Blog Posts

« Back to blog post list

Open Government Supporters Push Back in Washington Post Letters Against Pessimist Jason Grumet

dcogcadmin | October 7, 2014

Advocates told Washington Post readers in forceful terms this morning (October 7) that open government mandates work and should be expanded.  Sunlight Foundation’s Bill Allison and Celia Viggo Wexler of Union of Concerned Scientists wrote in response to a gloomy Post commentary published October 2 by Jason Grumet of the Bipartisan Policy Center on “the dark side to sunlight.” 

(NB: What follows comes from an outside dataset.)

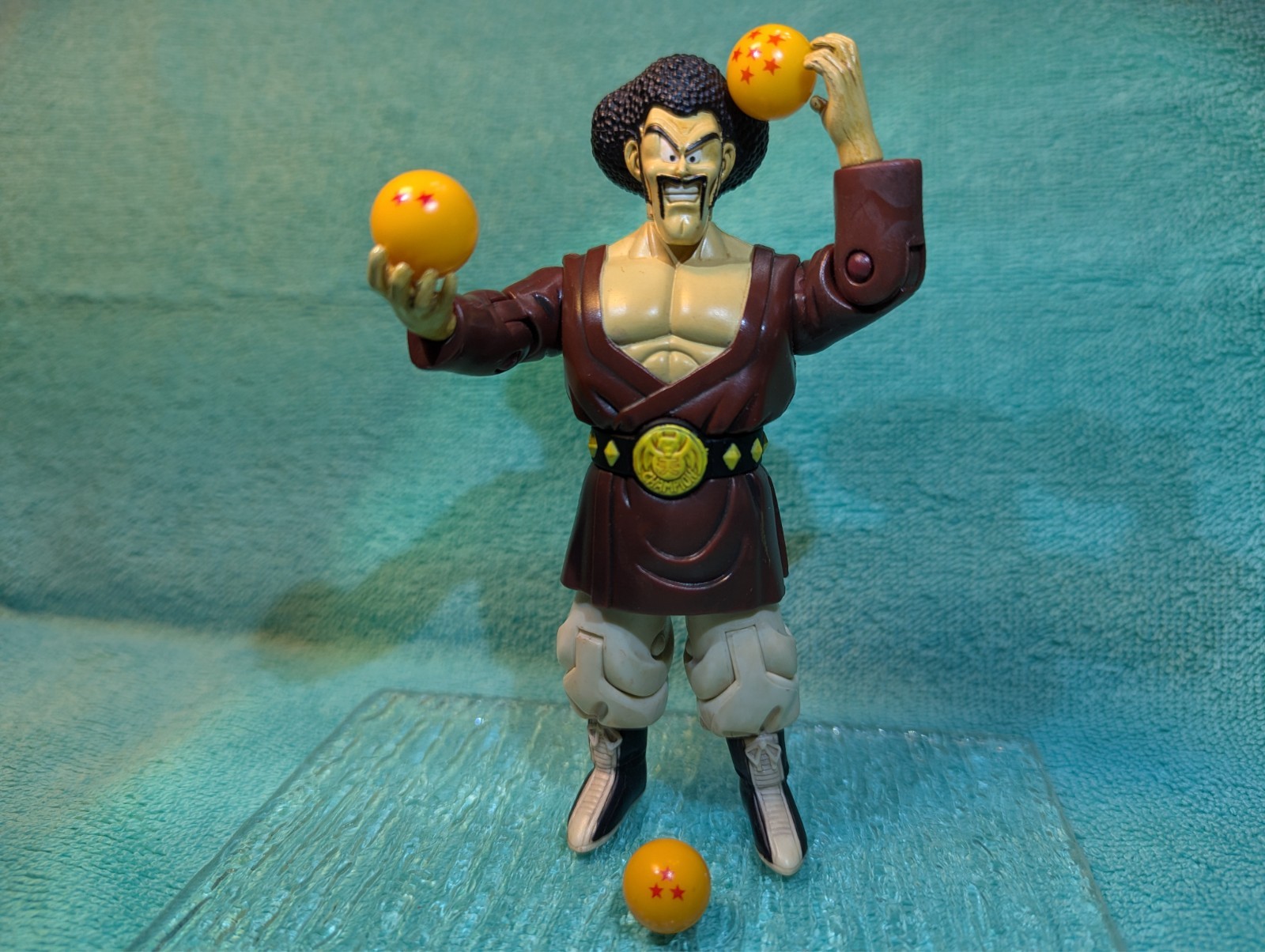 Dragon Ball Z Hercule/Mr. Satan – VTG 2005 Jakks Irwin Action Figure and D Balls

Grumet, whose job rests on hope for policy dialogue across political boundaries, argued that laws prohibiting closed meetings inhibit important conversations that can lead to mutual accommodations and common-ground policy. He also took a jab at “highly organized special interests and activists” for their use of open government laws to keep a close watch on government officials–“even text messages are targeted.”   Grumet ended with suggestions for less sunshine, since increasing transparency in his view has been accompanied by declining confidence in government.

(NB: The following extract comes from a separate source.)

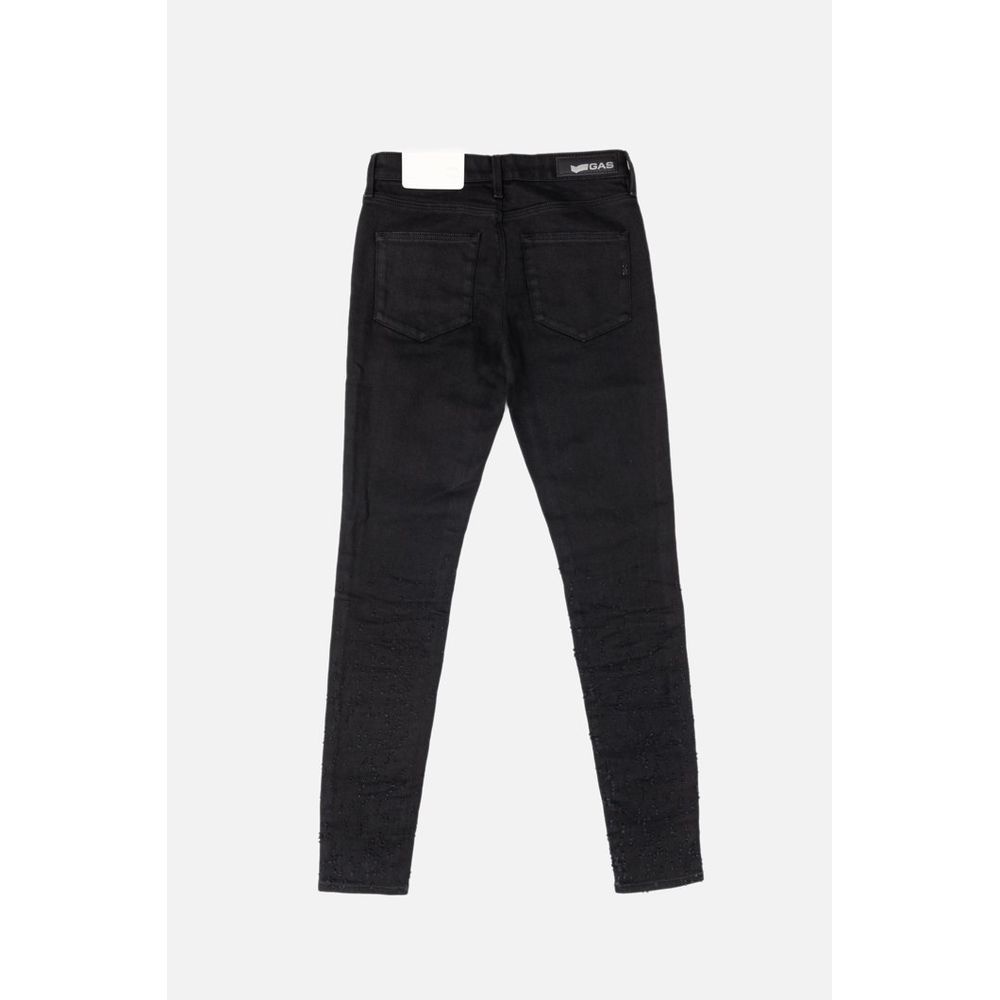 Gas Schwarze Skinny Jeans aus Baumwolle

Both letter writers disputed the critique.  Allison argued low confdence could reflect remaining transparency gaps, so if anything more openness is needed, especially in the legislative branch.  Wexler challenged the alleged chilling effect of current law, since officials in both legislative and executive branches may hold needed discussions away from publicity.  Open government requirements, argued Wexler, do allow the public to recognize shortcomings but that in turn elicits useful demands for improvement. “Contrary to what Mr. Grumet impled,” she concluded, “ignorance is not bliss.”  

UPDATE: Gary Bass, Danielle Bryan and Norman Eisen penned a strong New Year’s op ed for the Washington Post also taking issue with Grumet’s pessimism (and related writings by several other pundits decrying legislative gridlock and blaming it on burdensome openness requirements said to drive out deal-making).

Vigorously rejecting the label “transparency absolutists,” the authors agreed that “not everything government and Congress do should occur in a fishbowl.” But they argued “there is already plenty of room today for private deliberations. The problem isn’t transparency. It is that the political landscape punishes those who try to work together. And if various accountability measures create procedural challenges, let’s fix them. When it comes to holding government accountable, it is in the nation’s best interest to allow the media, nonprofit groups and the public full access to decision-making.”  The piece drew on a longer paper published by Brookings November 24, 2014, titled Why Crtics of Transparency Are Wrong.